Çığ ve Çığlık
Ayşe Pınar Bektaş
|
Çığ büyümeye, çığlık katledilmeye devam ediyor! Bu
topraklara bir çığ bırakıldı gökyüzünden. Bu topraklara,
soğuk, felaket, ölüm bırakıldı.
Hergün biraz daha büyüyen, hergün yeniden ve yeniden
öldüren, dondurucu ayazda önüne gelen herşeyi kasıp
kavuran bir çığ...
Emperyalizmdi onun adı!..
İnsanları içine aldıkça büyüyen, büyüdükçe daha fazla
öldüren.
Bu topraklarda yaşam yoktu artık, yaşama hakkı yoktu.
Acı, endişe, korku, gözyaşı vardı. Soğuk vardı, dondurucu
bir soğuk. Çığın nasıl, ne zaman ve ne biçimde geleceği
belli değildi. Belli olan tek şey, bir biçimde geleceğiydi
sadece...
Umudu öldürdüler önce.
İnsanın insana güvenini, sevgiyi, aşkı, namusu, isyanı,
güvercinleri ve arıları öldürdüler.
Bir tek kardelenler ve anka kuşları idi canlı kalmakta
direnebilenler.
Öldürücü ayaza karşı, katliamlara karşı, hiç dinmeyen
kış iklimine karşı...
Çığa karşı çığlık olan!
Çığ, dağın yamaçlarından yuvarlandıkça, insan kanıyla
büyüyor, çığlık yeniden ve yeniden katlediliyordu.
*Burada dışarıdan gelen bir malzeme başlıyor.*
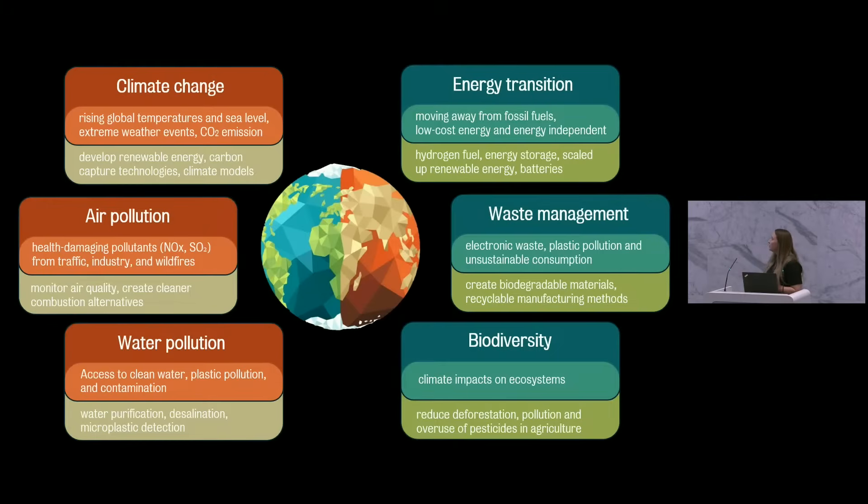Today I would like to concentrate on three aspects: energy transition. We would like to move away from fossil fuels and introduce new technologies that provide low-cost energy and also make energy independent. For that, we can create green energy fuels like hydrogen, as well as energy storage, scaling up renewables and batteries. But with this comes a lot of waste — electronic waste, plastic pollution, and unsustainable consumption. For that, we need biodegradable materials and recyclable manufacturing. And all of this will impact biodiversity and our ecosystem, so we need to reduce deforestation, pollution, and our use of pesticides in agriculture.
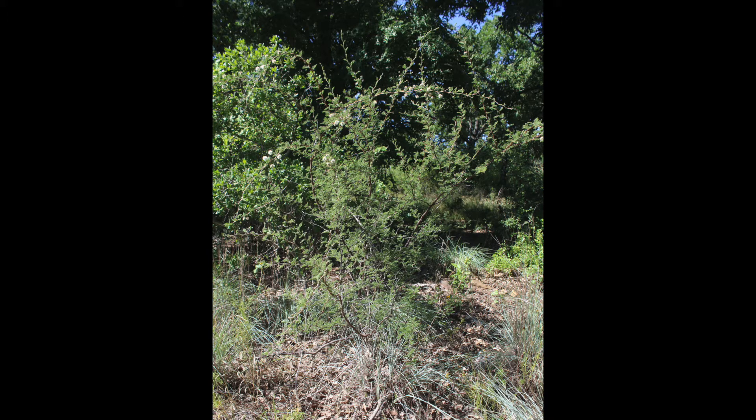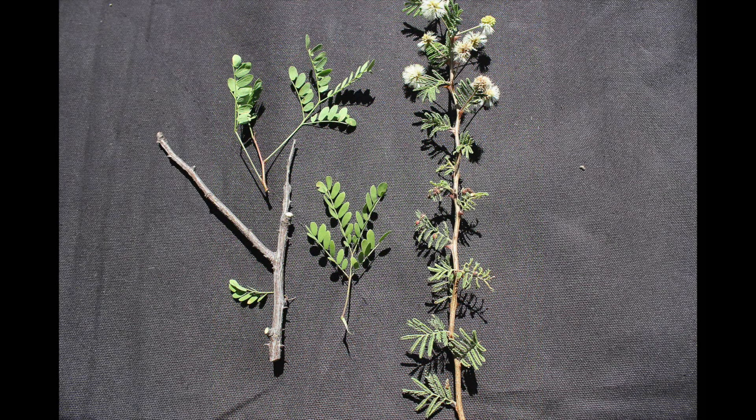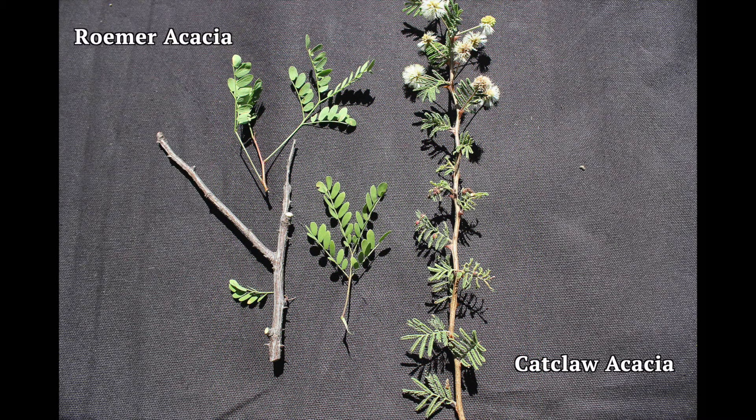Cat Claw Acacia is an important part of the north, central, south, and west Texas landscape. The palatable leaves provide forage, the sharp thorns provide excellent protection and nesting cover for ground nesters, and turkey and quail actively eat the abundant seeds that fall to the ground once the pods burst open.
Katliamın kod adı kurşundu, işkenceydi, kaybedilmeydi,
darağacıydı. Katliamın adı açlıktı, sefaletti. Göçtü,
işsizlikti, kimliksizlikti...
Katliamın türü konusunda müthiş bir çeşitlilik vardı;
zaman zaman sel, deprem, yangın, trafik olarak da geliyordu
ölüm. Giderek daha büyük bir sıklıkta. Ama mutlaka geliyordu.
Ve insanlar her an bu durumun çıldırtıcı ruh haliyle
yaşıyorlardı. Ölümün nereden ve nasıl geleceğini bilmeden.
Ama mutlaka geleceğini ve çok haksız olduğunu bilerek.
Bu ülkenin insanları için katliamın adı ayrıca; yabancılaşmaydı,
kadercilikti. Katliamın adı bireycilikti, sevgisizlikti.
Bilinçsizlikti, cahillikti. Körleşme idi...
Bu ülkenin insanlarının üzerine doğru dağın yamaçlarından
bir ölüm çığı akarken, çığlık atmak yasaktı.
Onların çığlıklarını da kurşunluyorlardı.
Delikanlı oğlunun cesedi başında ağlayan, kayıp kızının
umut girdabında çırpınan ananın gözyaşlarını da copluyorlardı.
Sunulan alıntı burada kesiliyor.